• What you should do
As the answer, give exactly the lines of the records below from the one with "Winterlandschaft unter den Sternen Gemälde" through the one with "Mould 242 |", ends included and pictures left out.

• Input data
..........

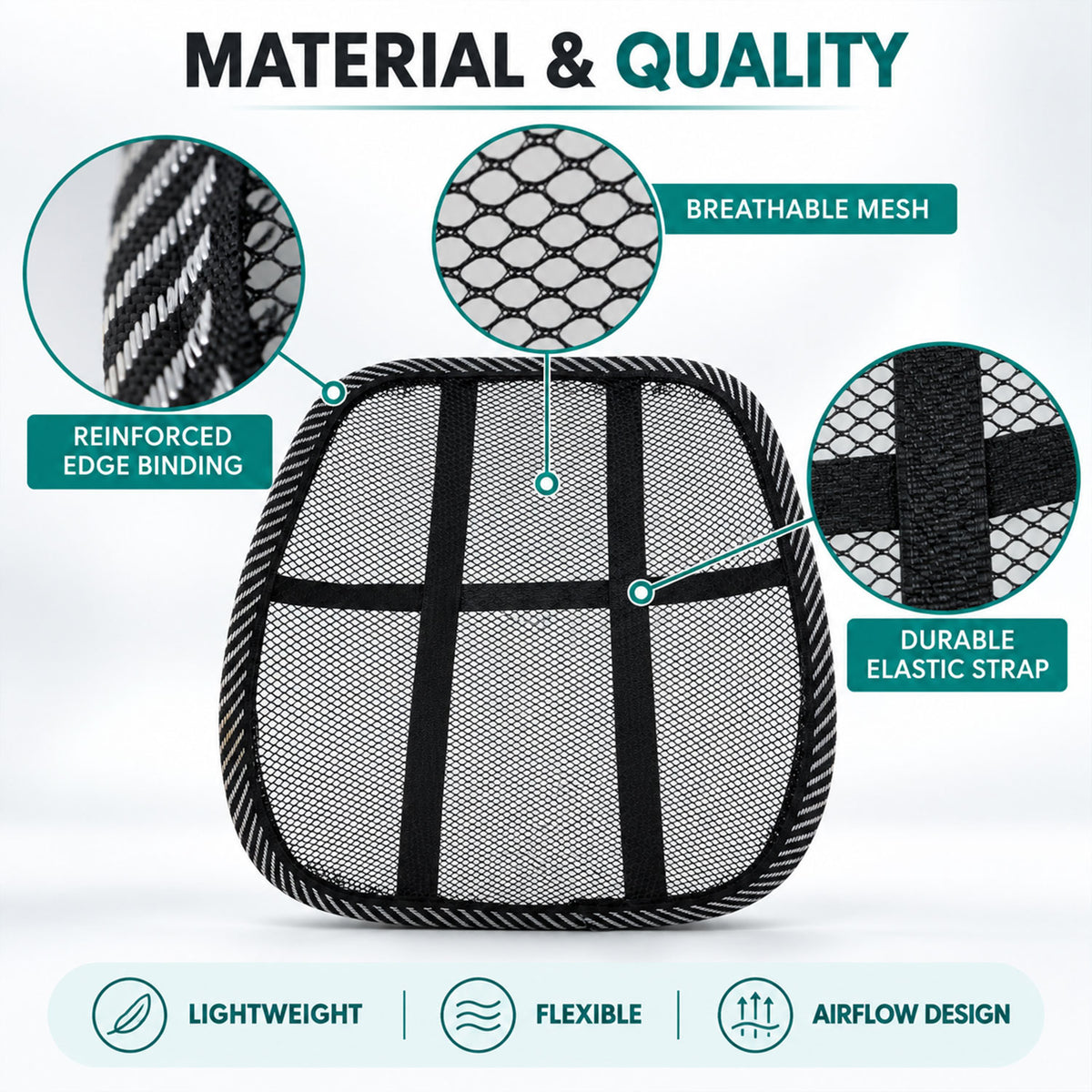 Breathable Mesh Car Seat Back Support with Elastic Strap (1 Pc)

..........

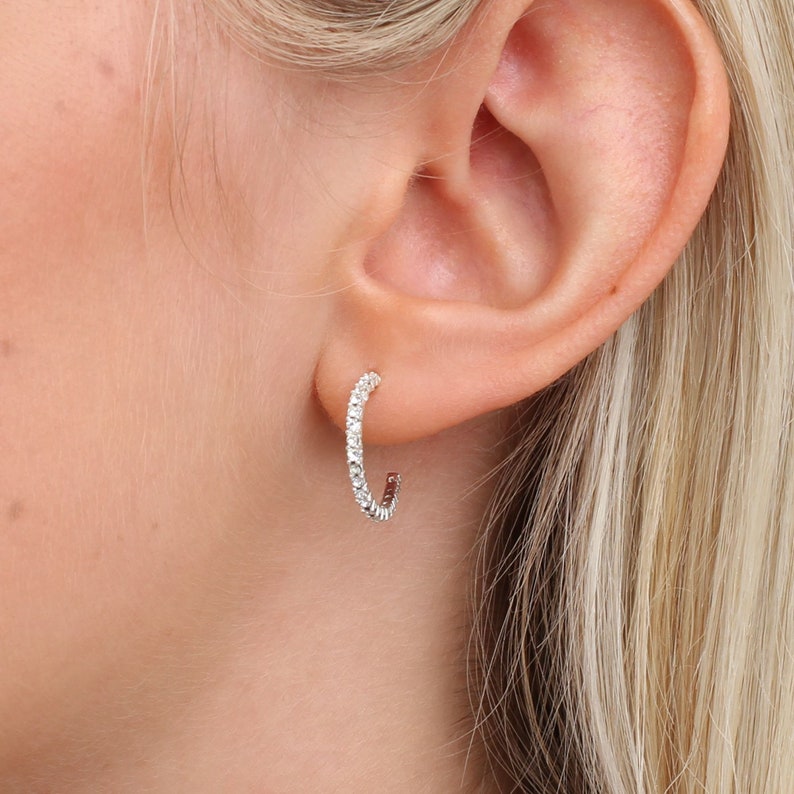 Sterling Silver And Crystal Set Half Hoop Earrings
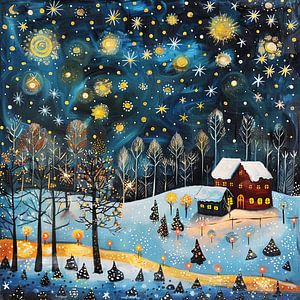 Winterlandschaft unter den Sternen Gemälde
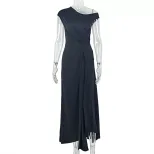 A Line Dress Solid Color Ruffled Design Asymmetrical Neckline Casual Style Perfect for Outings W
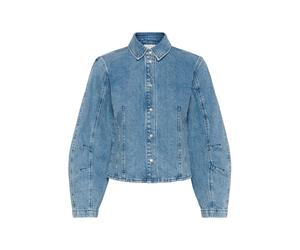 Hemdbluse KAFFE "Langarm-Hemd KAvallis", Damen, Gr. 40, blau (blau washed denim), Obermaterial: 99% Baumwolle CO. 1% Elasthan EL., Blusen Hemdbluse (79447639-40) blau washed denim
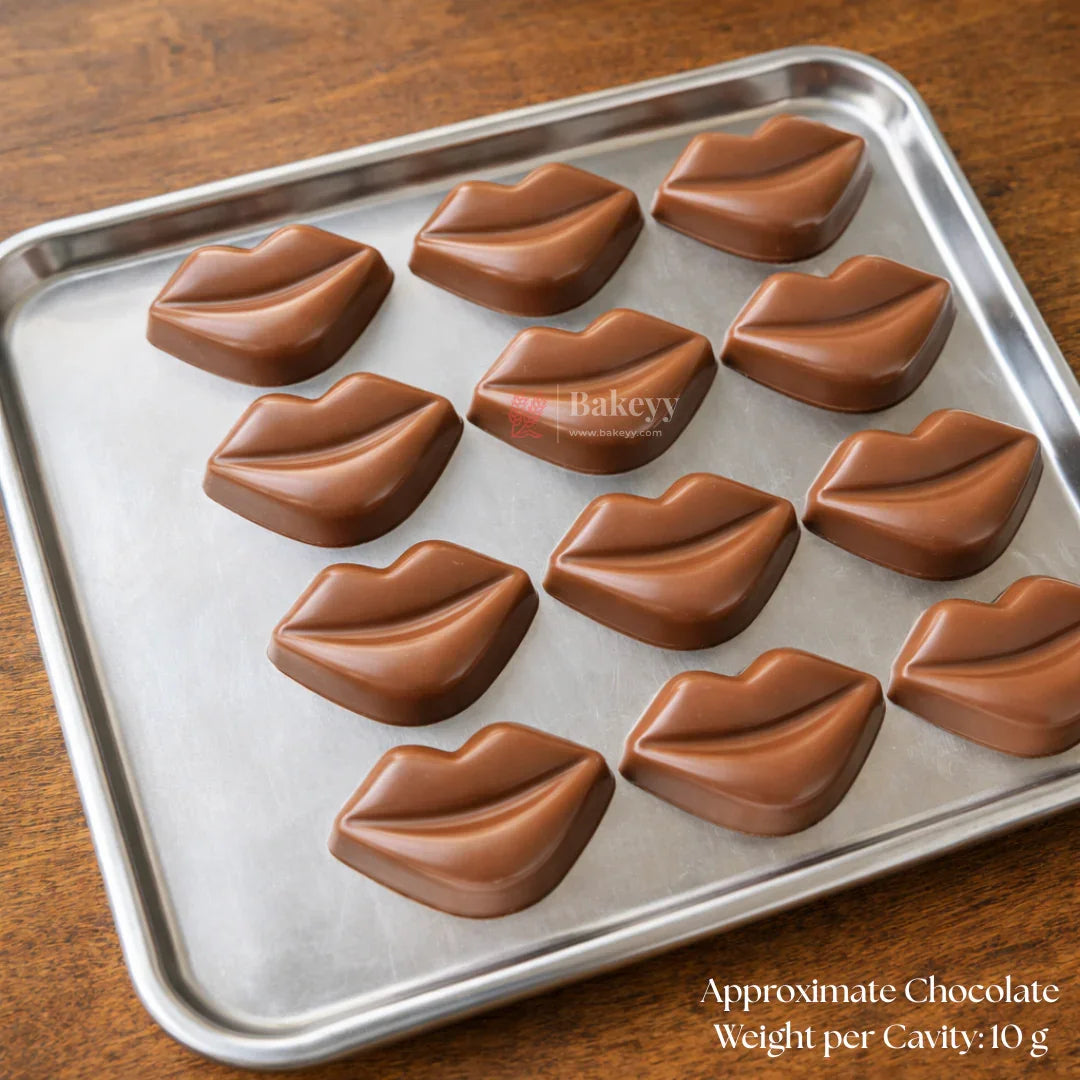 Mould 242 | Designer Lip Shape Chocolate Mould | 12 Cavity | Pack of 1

..........

• Written response
 Winterlandschaft unter den Sternen Gemälde
 A Line Dress Solid Color Ruffled Design Asymmetrical Neckline Casual Style Perfect for Outings W
 Hemdbluse KAFFE "Langarm-Hemd KAvallis", Damen, Gr. 40, blau (blau washed denim), Obermaterial: 99% Baumwolle CO. 1% Elasthan EL., Blusen Hemdbluse (79447639-40) blau washed denim
 Mould 242 | Designer Lip Shape Chocolate Mould | 12 Cavity | Pack of 1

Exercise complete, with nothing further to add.